Intorno alla destra afascista di Fdi (vista da Tarchi)

La dicotomia conservatorismo/progressismo delimita sempre più il campo della competizione nella politica italiana

Le tre età della Fiamma di Marco Tarchi per Solferino

L’ascesa di Fratelli d’Italia a maggior partito del panorama politico nazionale e della sua leader Giorgia Meloni alla guida dell’esecutivo attira sempre più l’attenzione di osservatori e mass media.

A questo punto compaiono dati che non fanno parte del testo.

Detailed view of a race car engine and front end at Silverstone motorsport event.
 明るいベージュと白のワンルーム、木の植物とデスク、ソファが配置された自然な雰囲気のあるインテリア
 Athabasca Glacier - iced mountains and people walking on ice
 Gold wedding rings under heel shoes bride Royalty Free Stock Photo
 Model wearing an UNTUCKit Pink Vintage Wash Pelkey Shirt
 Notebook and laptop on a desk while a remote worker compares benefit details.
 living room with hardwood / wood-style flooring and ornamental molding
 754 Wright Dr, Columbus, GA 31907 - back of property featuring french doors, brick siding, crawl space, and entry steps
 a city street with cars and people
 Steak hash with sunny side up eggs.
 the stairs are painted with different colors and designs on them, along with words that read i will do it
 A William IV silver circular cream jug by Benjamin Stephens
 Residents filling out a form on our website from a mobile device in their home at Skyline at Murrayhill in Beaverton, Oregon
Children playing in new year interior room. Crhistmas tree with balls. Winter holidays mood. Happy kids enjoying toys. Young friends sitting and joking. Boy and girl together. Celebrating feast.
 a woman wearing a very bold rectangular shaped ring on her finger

Alla luce dei mutamenti di stretta attualità, si colloca in un contesto particolare l’esigenza – espressa da Marco Tarchi nel libro-intervista “Le tre età della Fiamma – La destra in Italia da Giorgio Almirante a Giorgia Meloni”, edito da Solferino e curato insieme al giornalista e scrittore Antonio Carioti – di aggiornare l’analisi avviata con lo stesso interlocutore nel 1995, in occasione della pubblicazione di “Cinquant’anni di nostalgia – La destra italiana dopo il fascismo”.

Un lungo silenzio ha relegato ai margini della comunità accademica i pochi studiosi disposti ad approfondire sotto l’aspetto scientifico la natura di un mondo reietto e scomodo. Tranne rare eccezioni, una produzione aprioristicamente critica e non di rado offensiva ha soppiantato quella agiografica e altrettanto schierata delle piccole case editrici vicine agli ambienti della destra.

Neofascismo

La rivisitazione delle vicende del Movimento Sociale Italiano muove dalla premessa di un’estrema eterogeneità delle rivendicazioni del fascismo repubblicano, in parte attratto dalla propaganda comunista e dalla stella polare della socializzazione dei mezzi di produzione, che controbilanciarono per un breve periodo i miti dell’idea corporativa e del culto dello Stato.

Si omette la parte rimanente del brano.